-------- Extracted data
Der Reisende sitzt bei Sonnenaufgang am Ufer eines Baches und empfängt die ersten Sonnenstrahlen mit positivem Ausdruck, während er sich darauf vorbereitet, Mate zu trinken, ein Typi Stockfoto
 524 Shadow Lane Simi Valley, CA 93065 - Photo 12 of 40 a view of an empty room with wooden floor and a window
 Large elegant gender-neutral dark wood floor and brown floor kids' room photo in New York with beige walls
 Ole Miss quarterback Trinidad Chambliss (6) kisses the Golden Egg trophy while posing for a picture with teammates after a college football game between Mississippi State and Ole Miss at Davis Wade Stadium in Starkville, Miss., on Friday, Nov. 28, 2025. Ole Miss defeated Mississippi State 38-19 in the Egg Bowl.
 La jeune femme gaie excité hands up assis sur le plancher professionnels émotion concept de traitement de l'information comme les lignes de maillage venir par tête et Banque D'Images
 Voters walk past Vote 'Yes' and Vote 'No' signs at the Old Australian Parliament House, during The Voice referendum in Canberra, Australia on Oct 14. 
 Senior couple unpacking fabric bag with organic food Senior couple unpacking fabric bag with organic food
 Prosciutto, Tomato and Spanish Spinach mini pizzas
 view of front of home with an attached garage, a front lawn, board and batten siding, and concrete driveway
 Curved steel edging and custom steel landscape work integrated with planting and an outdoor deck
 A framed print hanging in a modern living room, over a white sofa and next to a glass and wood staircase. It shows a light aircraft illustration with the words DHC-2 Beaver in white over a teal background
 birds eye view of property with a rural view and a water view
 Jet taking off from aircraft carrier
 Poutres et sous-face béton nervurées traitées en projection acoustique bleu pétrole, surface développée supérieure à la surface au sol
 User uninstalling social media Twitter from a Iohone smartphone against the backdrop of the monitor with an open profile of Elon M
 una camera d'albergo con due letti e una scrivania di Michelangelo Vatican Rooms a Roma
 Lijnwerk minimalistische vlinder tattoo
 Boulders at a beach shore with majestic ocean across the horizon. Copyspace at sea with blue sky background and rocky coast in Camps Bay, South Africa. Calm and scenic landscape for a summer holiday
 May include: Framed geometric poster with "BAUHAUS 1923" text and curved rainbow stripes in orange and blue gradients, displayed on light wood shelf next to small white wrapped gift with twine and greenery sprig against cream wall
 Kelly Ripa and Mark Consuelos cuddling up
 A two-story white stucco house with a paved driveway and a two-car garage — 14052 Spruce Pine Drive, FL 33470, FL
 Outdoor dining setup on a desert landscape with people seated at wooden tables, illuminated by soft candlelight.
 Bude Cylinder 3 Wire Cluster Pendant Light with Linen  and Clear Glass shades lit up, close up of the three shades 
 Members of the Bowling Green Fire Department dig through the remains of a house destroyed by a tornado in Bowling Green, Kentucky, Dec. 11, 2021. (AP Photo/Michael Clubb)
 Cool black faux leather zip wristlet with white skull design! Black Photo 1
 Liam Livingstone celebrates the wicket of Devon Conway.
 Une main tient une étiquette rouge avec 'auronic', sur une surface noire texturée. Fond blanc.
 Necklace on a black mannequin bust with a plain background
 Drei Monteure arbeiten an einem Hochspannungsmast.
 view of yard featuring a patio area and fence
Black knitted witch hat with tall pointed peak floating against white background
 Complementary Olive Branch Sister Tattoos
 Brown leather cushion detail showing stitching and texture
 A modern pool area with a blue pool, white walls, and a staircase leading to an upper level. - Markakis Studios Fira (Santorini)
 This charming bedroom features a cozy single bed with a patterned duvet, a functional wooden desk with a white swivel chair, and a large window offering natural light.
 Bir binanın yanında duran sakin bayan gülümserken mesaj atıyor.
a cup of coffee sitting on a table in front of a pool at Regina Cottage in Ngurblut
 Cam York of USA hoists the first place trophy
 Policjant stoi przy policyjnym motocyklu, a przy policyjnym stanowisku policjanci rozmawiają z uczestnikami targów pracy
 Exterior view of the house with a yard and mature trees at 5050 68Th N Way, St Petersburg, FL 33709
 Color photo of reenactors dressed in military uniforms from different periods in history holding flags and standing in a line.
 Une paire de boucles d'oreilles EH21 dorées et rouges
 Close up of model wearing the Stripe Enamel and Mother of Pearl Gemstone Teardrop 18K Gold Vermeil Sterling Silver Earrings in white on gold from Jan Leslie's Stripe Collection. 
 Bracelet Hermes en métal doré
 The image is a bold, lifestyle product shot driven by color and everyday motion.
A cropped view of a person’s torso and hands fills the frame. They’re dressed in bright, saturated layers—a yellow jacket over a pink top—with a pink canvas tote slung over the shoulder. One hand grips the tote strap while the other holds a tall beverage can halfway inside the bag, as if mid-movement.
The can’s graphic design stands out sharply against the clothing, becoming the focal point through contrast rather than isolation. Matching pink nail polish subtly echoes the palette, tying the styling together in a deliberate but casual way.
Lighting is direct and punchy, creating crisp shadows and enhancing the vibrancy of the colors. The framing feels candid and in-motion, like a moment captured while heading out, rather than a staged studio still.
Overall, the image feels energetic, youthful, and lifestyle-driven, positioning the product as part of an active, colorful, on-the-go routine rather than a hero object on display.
----------------
▶ [Try it] Please print out every entry again, exactly as it reads.

▶ [Exercise response]
Der Reisende sitzt bei Sonnenaufgang am Ufer eines Baches und empfängt die ersten Sonnenstrahlen mit positivem Ausdruck, während er sich darauf vorbereitet, Mate zu trinken, ein Typi Stockfoto
 524 Shadow Lane Simi Valley, CA 93065 - Photo 12 of 40 a view of an empty room with wooden floor and a window
 Large elegant gender-neutral dark wood floor and brown floor kids' room photo in New York with beige walls
 Ole Miss quarterback Trinidad Chambliss (6) kisses the Golden Egg trophy while posing for a picture with teammates after a college football game between Mississippi State and Ole Miss at Davis Wade Stadium in Starkville, Miss., on Friday, Nov. 28, 2025. Ole Miss defeated Mississippi State 38-19 in the Egg Bowl.
 La jeune femme gaie excité hands up assis sur le plancher professionnels émotion concept de traitement de l'information comme les lignes de maillage venir par tête et Banque D'Images
 Voters walk past Vote 'Yes' and Vote 'No' signs at the Old Australian Parliament House, during The Voice referendum in Canberra, Australia on Oct 14. 
 Senior couple unpacking fabric bag with organic food Senior couple unpacking fabric bag with organic food
 Prosciutto, Tomato and Spanish Spinach mini pizzas
 view of front of home with an attached garage, a front lawn, board and batten siding, and concrete driveway
 Curved steel edging and custom steel landscape work integrated with planting and an outdoor deck
 A framed print hanging in a modern living room, over a white sofa and next to a glass and wood staircase. It shows a light aircraft illustration with the words DHC-2 Beaver in white over a teal background
 birds eye view of property with a rural view and a water view
 Jet taking off from aircraft carrier
 Poutres et sous-face béton nervurées traitées en projection acoustique bleu pétrole, surface développée supérieure à la surface au sol
 User uninstalling social media Twitter from a Iohone smartphone against the backdrop of the monitor with an open profile of Elon M
 una camera d'albergo con due letti e una scrivania di Michelangelo Vatican Rooms a Roma
 Lijnwerk minimalistische vlinder tattoo
 Boulders at a beach shore with majestic ocean across the horizon. Copyspace at sea with blue sky background and rocky coast in Camps Bay, South Africa. Calm and scenic landscape for a summer holiday
 May include: Framed geometric poster with "BAUHAUS 1923" text and curved rainbow stripes in orange and blue gradients, displayed on light wood shelf next to small white wrapped gift with twine and greenery sprig against cream wall
 Kelly Ripa and Mark Consuelos cuddling up
 A two-story white stucco house with a paved driveway and a two-car garage — 14052 Spruce Pine Drive, FL 33470, FL
 Outdoor dining setup on a desert landscape with people seated at wooden tables, illuminated by soft candlelight.
 Bude Cylinder 3 Wire Cluster Pendant Light with Linen  and Clear Glass shades lit up, close up of the three shades 
 Members of the Bowling Green Fire Department dig through the remains of a house destroyed by a tornado in Bowling Green, Kentucky, Dec. 11, 2021. (AP Photo/Michael Clubb)
 Cool black faux leather zip wristlet with white skull design! Black Photo 1
 Liam Livingstone celebrates the wicket of Devon Conway.
 Une main tient une étiquette rouge avec 'auronic', sur une surface noire texturée. Fond blanc.
 Necklace on a black mannequin bust with a plain background
 Drei Monteure arbeiten an einem Hochspannungsmast.
 view of yard featuring a patio area and fence
Black knitted witch hat with tall pointed peak floating against white background
 Complementary Olive Branch Sister Tattoos
 Brown leather cushion detail showing stitching and texture
 A modern pool area with a blue pool, white walls, and a staircase leading to an upper level. - Markakis Studios Fira (Santorini)
 This charming bedroom features a cozy single bed with a patterned duvet, a functional wooden desk with a white swivel chair, and a large window offering natural light.
 Bir binanın yanında duran sakin bayan gülümserken mesaj atıyor.
a cup of coffee sitting on a table in front of a pool at Regina Cottage in Ngurblut
 Cam York of USA hoists the first place trophy
 Policjant stoi przy policyjnym motocyklu, a przy policyjnym stanowisku policjanci rozmawiają z uczestnikami targów pracy
 Exterior view of the house with a yard and mature trees at 5050 68Th N Way, St Petersburg, FL 33709
 Color photo of reenactors dressed in military uniforms from different periods in history holding flags and standing in a line.
 Une paire de boucles d'oreilles EH21 dorées et rouges
 Close up of model wearing the Stripe Enamel and Mother of Pearl Gemstone Teardrop 18K Gold Vermeil Sterling Silver Earrings in white on gold from Jan Leslie's Stripe Collection. 
 Bracelet Hermes en métal doré
 The image is a bold, lifestyle product shot driven by color and everyday motion.
A cropped view of a person’s torso and hands fills the frame. They’re dressed in bright, saturated layers—a yellow jacket over a pink top—with a pink canvas tote slung over the shoulder. One hand grips the tote strap while the other holds a tall beverage can halfway inside the bag, as if mid-movement.
The can’s graphic design stands out sharply against the clothing, becoming the focal point through contrast rather than isolation. Matching pink nail polish subtly echoes the palette, tying the styling together in a deliberate but casual way.
Lighting is direct and punchy, creating crisp shadows and enhancing the vibrancy of the colors. The framing feels candid and in-motion, like a moment captured while heading out, rather than a staged studio still.
Overall, the image feels energetic, youthful, and lifestyle-driven, positioning the product as part of an active, colorful, on-the-go routine rather than a hero object on display.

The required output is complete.